» **WHAT IS REQUIRED**
Among the lines of the records below, copy those that hold the word "Gray".

(Stored items)

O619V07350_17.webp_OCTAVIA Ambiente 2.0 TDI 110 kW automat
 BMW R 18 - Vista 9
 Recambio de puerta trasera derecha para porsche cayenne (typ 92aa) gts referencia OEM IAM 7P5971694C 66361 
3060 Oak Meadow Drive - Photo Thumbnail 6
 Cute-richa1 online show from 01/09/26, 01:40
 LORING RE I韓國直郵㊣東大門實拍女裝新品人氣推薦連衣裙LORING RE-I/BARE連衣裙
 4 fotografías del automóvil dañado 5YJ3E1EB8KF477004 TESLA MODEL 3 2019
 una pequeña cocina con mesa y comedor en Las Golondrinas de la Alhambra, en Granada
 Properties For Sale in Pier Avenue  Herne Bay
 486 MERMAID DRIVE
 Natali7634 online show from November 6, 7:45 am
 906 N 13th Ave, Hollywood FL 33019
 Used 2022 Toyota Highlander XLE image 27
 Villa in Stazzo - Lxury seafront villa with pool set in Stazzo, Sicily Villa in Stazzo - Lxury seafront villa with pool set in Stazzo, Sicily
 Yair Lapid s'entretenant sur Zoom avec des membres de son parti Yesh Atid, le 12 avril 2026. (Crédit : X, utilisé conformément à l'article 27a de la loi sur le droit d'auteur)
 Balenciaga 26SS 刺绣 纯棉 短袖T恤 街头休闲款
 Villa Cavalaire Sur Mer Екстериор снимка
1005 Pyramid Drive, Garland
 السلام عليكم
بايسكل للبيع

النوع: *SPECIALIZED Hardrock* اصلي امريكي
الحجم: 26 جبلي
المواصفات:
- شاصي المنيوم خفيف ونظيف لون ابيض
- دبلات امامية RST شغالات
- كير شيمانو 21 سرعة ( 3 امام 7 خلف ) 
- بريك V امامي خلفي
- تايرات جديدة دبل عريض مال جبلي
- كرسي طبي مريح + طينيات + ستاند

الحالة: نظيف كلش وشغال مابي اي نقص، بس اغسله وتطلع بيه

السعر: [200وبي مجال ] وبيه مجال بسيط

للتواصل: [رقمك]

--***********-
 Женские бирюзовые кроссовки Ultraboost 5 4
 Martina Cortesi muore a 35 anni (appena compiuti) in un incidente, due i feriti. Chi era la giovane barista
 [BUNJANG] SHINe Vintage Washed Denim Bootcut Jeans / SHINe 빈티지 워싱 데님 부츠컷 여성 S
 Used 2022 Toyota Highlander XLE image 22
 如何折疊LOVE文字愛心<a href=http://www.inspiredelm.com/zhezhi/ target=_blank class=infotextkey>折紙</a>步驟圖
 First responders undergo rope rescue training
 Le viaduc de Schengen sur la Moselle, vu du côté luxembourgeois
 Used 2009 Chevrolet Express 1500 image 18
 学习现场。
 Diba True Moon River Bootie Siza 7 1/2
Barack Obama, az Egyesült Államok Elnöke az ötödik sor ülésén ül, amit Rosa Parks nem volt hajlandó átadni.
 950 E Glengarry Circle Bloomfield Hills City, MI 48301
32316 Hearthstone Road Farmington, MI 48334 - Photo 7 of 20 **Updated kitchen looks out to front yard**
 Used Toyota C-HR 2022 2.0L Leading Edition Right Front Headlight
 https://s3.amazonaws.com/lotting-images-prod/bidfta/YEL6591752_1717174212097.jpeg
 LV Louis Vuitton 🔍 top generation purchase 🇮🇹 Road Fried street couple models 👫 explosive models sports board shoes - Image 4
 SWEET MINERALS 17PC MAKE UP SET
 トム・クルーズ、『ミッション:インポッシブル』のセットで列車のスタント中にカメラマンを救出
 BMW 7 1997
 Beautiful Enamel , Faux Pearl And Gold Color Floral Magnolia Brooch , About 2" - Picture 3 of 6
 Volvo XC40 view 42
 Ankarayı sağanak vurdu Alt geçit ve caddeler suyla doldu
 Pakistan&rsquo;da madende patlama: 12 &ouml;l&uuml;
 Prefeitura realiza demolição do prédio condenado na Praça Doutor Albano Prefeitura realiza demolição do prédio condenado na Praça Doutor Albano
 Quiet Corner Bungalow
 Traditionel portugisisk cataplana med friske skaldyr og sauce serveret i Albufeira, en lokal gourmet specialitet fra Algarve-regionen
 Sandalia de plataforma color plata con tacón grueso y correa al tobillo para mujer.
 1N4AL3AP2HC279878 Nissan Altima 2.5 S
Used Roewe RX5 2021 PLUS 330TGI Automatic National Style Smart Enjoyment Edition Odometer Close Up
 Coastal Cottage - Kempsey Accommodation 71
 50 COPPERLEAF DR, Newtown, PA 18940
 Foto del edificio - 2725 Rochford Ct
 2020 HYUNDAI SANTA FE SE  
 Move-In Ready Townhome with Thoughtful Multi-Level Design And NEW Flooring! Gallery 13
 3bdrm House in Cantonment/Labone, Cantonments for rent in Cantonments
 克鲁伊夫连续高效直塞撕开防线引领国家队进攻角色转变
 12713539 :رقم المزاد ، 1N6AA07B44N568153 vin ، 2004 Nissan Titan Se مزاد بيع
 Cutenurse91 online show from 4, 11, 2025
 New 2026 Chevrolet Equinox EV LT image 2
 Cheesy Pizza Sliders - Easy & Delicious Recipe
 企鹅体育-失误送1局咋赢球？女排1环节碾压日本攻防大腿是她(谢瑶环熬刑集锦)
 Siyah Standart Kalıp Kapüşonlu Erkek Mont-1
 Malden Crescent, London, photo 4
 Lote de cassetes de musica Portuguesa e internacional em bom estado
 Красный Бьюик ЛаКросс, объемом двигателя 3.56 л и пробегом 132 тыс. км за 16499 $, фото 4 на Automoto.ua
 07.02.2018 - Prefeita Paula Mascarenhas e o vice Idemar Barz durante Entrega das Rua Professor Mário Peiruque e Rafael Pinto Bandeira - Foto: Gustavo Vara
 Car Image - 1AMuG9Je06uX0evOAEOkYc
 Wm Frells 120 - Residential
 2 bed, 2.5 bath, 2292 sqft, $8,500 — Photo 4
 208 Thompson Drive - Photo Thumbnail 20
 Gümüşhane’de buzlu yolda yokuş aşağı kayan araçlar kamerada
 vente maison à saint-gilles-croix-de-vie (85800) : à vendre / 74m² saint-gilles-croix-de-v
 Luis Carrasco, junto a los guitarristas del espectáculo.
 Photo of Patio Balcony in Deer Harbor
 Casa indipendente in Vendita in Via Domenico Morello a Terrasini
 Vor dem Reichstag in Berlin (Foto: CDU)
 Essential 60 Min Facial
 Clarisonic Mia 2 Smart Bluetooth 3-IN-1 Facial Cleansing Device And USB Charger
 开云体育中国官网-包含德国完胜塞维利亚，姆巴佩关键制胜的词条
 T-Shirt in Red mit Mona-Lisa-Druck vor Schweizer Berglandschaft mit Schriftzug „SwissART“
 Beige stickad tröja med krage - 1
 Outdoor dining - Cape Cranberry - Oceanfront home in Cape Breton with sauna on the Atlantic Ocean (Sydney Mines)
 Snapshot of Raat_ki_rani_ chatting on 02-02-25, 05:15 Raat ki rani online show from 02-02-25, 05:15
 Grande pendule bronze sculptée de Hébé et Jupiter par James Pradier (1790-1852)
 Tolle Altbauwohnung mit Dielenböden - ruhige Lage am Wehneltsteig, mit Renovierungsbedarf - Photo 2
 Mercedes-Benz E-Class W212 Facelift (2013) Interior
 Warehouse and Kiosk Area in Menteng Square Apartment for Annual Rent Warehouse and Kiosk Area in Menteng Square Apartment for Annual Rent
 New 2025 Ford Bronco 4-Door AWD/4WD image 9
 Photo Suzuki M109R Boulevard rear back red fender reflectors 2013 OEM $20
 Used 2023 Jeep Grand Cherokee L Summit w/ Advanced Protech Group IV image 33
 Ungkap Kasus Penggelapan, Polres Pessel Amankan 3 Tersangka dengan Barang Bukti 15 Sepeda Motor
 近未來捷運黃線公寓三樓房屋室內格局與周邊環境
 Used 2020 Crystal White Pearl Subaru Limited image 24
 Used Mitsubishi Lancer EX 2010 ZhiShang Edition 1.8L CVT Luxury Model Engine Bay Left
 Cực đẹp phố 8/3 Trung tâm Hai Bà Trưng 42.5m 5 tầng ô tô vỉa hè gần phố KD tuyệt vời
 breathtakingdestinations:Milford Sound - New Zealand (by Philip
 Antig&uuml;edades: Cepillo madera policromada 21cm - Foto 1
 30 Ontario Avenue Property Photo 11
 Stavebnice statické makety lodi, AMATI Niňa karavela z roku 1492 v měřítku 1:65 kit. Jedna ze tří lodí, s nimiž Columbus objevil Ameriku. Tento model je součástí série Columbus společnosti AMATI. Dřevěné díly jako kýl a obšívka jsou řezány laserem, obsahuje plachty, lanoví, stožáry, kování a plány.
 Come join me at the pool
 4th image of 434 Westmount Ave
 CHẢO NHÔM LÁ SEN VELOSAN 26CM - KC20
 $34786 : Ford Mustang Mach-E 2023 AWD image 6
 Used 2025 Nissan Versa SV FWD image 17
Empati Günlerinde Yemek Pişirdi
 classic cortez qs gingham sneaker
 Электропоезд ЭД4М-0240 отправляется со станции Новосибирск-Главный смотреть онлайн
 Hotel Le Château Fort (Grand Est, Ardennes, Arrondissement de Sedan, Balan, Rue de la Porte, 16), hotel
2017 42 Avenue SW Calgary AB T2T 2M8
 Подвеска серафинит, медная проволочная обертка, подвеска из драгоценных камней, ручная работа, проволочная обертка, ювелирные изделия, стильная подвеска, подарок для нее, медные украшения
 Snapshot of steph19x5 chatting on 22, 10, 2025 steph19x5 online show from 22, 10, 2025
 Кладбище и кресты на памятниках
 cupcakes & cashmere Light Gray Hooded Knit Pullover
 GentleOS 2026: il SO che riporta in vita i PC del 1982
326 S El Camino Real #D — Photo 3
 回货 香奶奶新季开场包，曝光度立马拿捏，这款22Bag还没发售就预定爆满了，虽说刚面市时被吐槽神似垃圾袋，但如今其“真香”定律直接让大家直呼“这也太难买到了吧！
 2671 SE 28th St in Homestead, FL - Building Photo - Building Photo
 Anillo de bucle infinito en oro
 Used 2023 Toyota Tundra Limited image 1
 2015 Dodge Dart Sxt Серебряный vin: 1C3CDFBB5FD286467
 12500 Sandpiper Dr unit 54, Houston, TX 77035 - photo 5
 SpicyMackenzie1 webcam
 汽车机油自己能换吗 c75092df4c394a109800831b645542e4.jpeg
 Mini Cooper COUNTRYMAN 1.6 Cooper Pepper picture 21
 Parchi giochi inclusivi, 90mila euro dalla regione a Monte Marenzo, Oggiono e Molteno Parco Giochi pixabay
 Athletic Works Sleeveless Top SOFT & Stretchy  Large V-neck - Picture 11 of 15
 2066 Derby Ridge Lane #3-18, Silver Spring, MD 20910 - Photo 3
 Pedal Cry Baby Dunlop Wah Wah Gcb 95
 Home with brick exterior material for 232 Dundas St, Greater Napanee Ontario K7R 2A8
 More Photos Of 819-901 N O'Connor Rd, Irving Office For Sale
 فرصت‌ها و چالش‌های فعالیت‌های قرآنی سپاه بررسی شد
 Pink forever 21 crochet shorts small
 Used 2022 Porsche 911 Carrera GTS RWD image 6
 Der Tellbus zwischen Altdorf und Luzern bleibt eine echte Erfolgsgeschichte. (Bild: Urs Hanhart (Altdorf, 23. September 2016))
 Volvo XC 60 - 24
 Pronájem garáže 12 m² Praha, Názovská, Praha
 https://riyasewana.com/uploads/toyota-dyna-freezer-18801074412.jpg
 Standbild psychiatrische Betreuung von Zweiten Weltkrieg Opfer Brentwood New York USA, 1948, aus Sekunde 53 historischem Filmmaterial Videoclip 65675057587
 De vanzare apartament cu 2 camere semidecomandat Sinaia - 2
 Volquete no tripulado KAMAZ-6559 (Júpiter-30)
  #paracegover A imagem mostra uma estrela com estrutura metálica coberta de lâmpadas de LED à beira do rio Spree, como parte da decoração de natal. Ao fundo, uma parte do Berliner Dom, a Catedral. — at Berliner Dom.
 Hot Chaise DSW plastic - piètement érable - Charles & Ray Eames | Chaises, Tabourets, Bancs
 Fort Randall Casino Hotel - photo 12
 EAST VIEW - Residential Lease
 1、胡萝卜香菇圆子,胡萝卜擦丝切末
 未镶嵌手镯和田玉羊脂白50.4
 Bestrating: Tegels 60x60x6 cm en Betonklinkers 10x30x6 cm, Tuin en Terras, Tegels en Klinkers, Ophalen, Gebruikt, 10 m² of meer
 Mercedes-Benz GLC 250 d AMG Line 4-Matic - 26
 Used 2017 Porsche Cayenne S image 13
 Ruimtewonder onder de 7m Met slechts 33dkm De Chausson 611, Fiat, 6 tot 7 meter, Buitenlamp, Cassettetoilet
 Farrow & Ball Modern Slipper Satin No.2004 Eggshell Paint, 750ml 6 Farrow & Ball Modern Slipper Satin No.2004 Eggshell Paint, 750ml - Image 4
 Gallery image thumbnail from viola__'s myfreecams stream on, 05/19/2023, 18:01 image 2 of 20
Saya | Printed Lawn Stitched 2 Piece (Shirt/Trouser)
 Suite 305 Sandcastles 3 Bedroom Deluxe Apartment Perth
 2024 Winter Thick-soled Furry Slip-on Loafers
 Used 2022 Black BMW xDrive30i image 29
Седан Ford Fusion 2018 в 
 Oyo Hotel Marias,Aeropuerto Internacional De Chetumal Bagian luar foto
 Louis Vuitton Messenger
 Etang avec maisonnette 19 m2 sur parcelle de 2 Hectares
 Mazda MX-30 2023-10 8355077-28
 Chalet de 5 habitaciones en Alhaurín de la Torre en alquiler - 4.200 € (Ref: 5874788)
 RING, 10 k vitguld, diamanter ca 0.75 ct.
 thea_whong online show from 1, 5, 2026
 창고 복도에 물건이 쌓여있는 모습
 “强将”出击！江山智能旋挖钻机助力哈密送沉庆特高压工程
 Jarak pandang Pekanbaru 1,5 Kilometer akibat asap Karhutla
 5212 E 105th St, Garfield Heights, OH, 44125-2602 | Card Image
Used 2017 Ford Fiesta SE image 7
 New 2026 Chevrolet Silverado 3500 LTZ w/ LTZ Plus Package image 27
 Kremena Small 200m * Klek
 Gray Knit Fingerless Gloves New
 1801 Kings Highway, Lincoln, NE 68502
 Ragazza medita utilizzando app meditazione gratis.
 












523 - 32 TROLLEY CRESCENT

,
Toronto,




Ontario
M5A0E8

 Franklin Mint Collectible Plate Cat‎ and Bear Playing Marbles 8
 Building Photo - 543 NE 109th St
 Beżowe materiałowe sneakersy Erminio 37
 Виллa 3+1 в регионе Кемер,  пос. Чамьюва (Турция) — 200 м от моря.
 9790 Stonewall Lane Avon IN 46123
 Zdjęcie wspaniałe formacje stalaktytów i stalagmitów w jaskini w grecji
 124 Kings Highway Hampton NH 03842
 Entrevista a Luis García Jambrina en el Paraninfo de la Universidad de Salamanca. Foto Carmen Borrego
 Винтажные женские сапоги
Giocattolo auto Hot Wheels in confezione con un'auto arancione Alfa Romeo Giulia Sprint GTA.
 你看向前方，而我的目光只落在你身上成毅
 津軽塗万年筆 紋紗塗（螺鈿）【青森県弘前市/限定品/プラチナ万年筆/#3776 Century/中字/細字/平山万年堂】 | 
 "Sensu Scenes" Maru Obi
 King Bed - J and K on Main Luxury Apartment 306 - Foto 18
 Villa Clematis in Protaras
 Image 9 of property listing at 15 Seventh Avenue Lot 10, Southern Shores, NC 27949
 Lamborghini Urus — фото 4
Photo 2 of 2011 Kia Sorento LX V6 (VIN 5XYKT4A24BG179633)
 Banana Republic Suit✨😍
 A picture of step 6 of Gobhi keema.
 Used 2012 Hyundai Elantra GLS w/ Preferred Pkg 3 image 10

» **RESPONSE TO THE EXERCISE**
 cupcakes & cashmere Light Gray Hooded Knit Pullover
 Gray Knit Fingerless Gloves New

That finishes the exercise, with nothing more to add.